WHAT THE TASK REQUIRES:
Your copy should begin with the line containing "Image of Away", end with the line containing "Straits Settlements / Br...", match the listing below exactly, and contain no pictures.

PROVIDED DATA:
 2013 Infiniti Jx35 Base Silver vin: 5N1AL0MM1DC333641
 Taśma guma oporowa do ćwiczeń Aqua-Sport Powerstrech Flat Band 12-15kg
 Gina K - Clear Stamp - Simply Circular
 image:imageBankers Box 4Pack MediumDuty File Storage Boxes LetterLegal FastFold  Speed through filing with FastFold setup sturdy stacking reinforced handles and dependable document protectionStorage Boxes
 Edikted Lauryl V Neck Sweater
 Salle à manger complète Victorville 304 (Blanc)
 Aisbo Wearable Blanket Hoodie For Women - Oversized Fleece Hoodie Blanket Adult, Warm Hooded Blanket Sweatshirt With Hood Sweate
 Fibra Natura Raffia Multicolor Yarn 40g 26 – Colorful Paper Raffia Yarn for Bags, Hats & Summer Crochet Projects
==
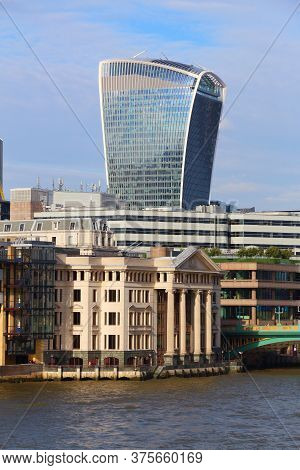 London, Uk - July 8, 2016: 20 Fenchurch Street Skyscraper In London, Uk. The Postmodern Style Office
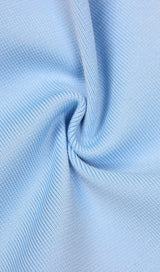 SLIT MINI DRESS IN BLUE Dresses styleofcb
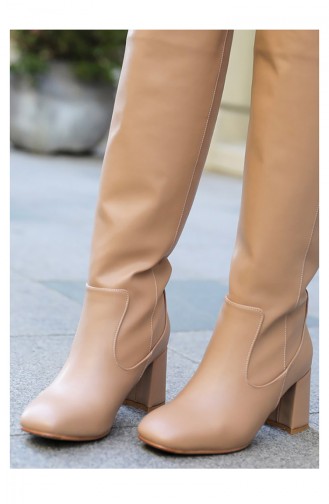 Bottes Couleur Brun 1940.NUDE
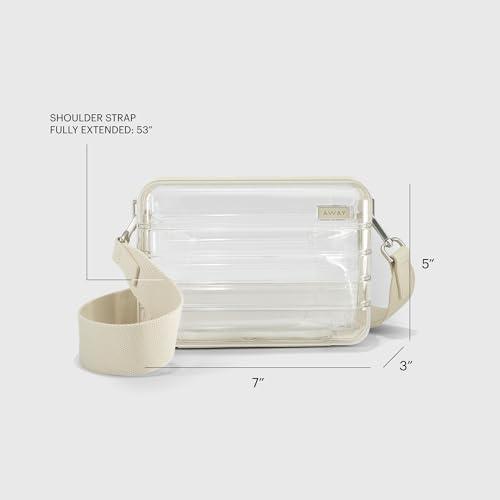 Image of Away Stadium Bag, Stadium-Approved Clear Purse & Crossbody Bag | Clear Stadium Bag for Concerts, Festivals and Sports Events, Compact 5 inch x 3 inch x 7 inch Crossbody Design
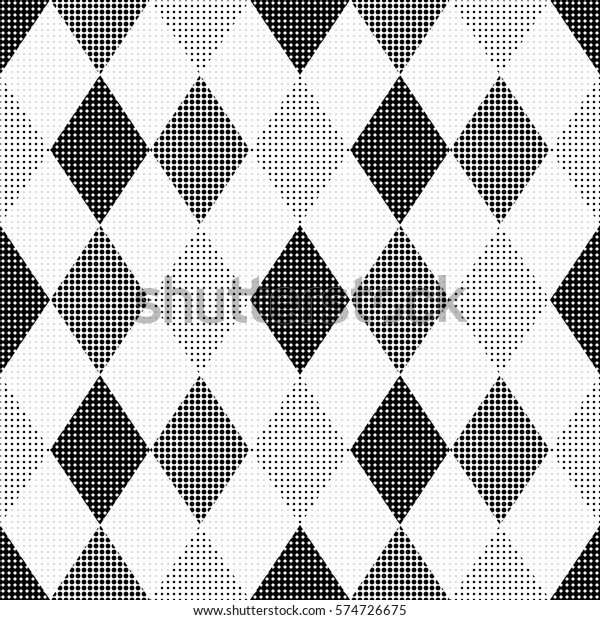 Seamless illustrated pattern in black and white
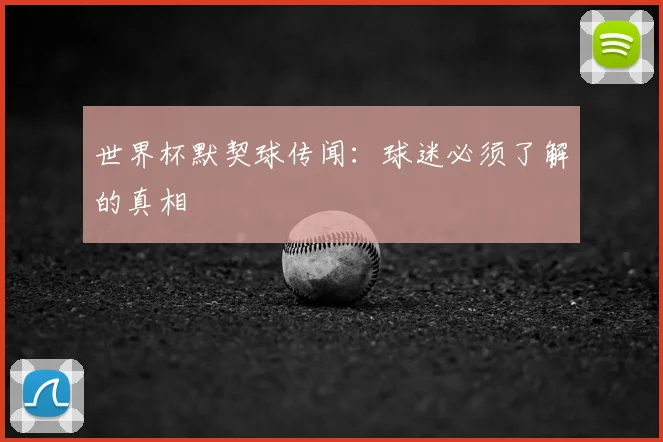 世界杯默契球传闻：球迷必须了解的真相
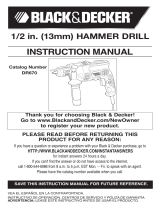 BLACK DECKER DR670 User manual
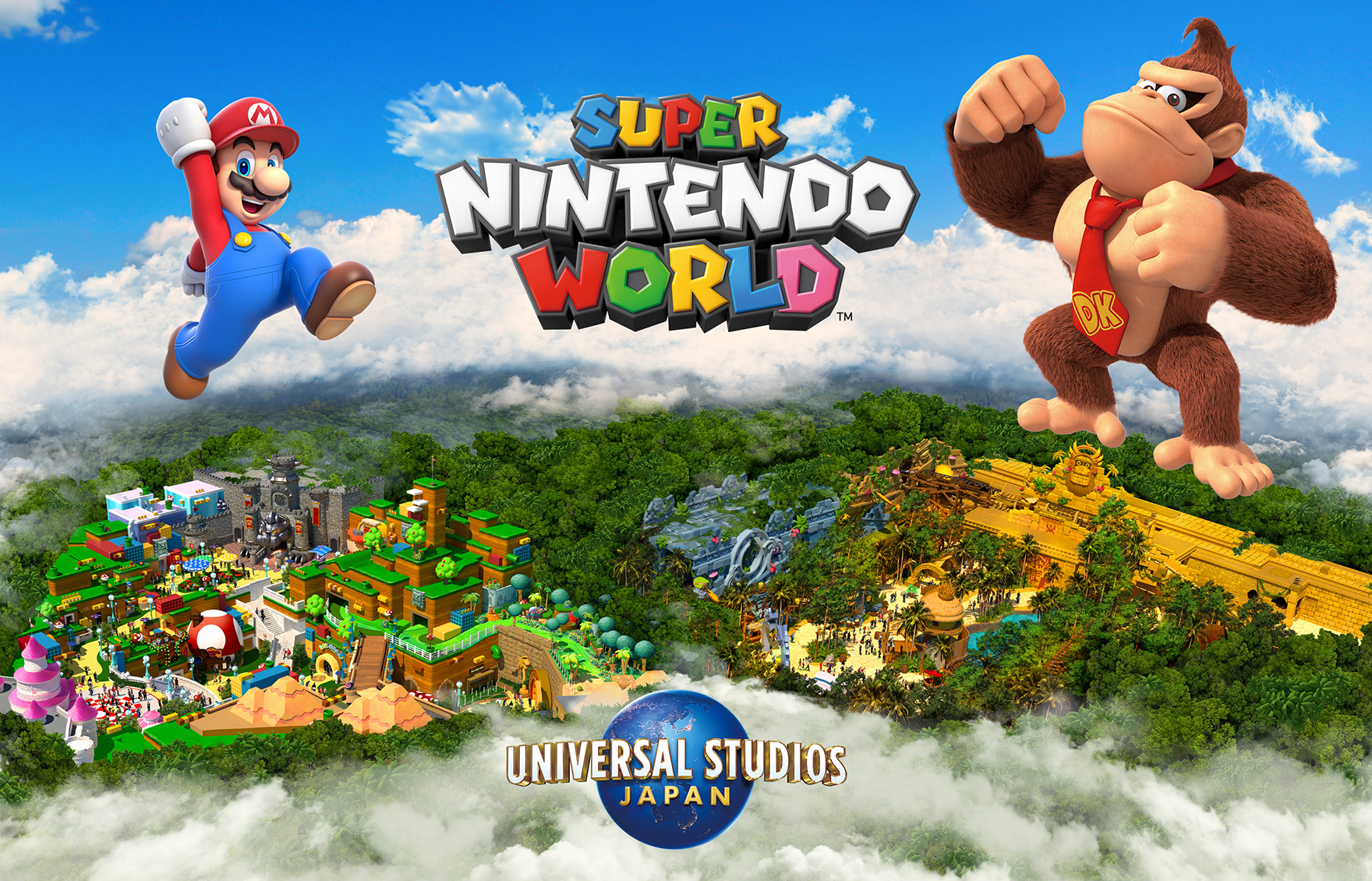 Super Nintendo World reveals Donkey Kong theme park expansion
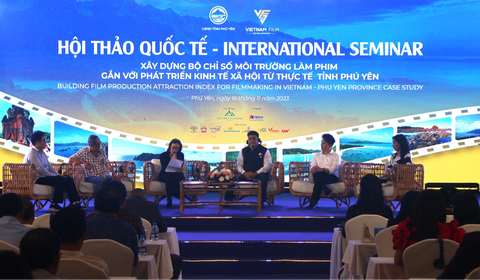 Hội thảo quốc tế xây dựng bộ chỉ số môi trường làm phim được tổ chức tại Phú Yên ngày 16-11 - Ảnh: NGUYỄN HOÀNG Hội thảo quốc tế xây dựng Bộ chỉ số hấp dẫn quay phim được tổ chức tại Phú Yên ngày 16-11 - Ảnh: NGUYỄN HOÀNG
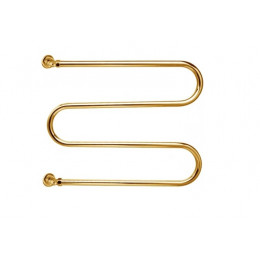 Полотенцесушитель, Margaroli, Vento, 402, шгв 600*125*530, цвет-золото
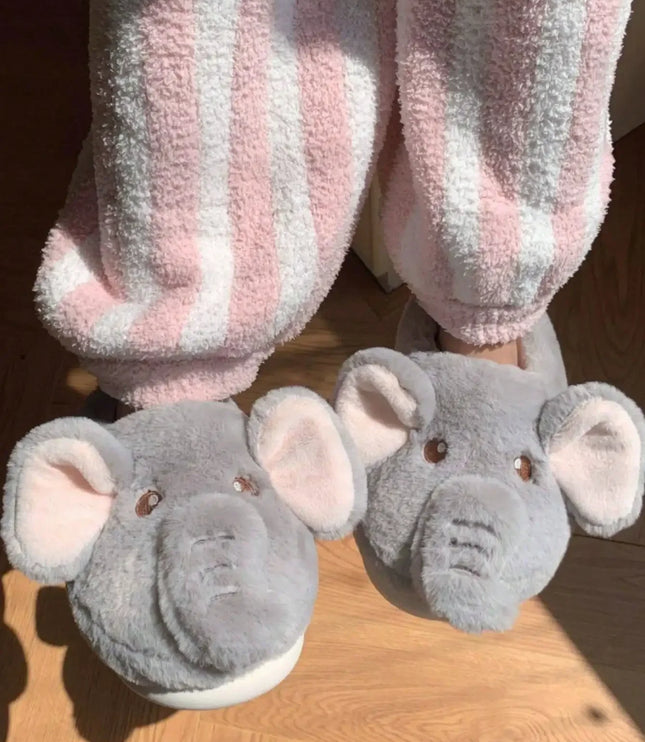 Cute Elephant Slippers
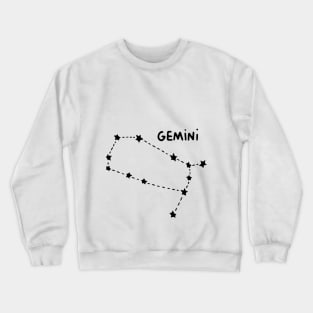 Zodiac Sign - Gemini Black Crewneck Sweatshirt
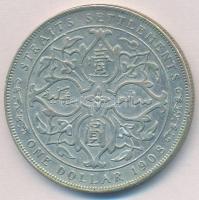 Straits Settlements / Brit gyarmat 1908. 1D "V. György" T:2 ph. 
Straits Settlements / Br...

ANSWER FOR THIS EXERCISE:
 Image of Away Stadium Bag, Stadium-Approved Clear Purse & Crossbody Bag | Clear Stadium Bag for Concerts, Festivals and Sports Events, Compact 5 inch x 3 inch x 7 inch Crossbody Design
 Seamless illustrated pattern in black and white
 世界杯默契球传闻：球迷必须了解的真相
 BLACK DECKER DR670 User manual
 Super Nintendo World reveals Donkey Kong theme park expansion
 Hội thảo quốc tế xây dựng bộ chỉ số môi trường làm phim được tổ chức tại Phú Yên ngày 16-11 - Ảnh: NGUYỄN HOÀNG Hội thảo quốc tế xây dựng Bộ chỉ số hấp dẫn quay phim được tổ chức tại Phú Yên ngày 16-11 - Ảnh: NGUYỄN HOÀNG
 Полотенцесушитель, Margaroli, Vento, 402, шгв 600*125*530, цвет-золото
 Cute Elephant Slippers
 Zodiac Sign - Gemini Black Crewneck Sweatshirt
 Straits Settlements / Brit gyarmat 1908. 1D "V. György" T:2 ph. 
Straits Settlements / Br...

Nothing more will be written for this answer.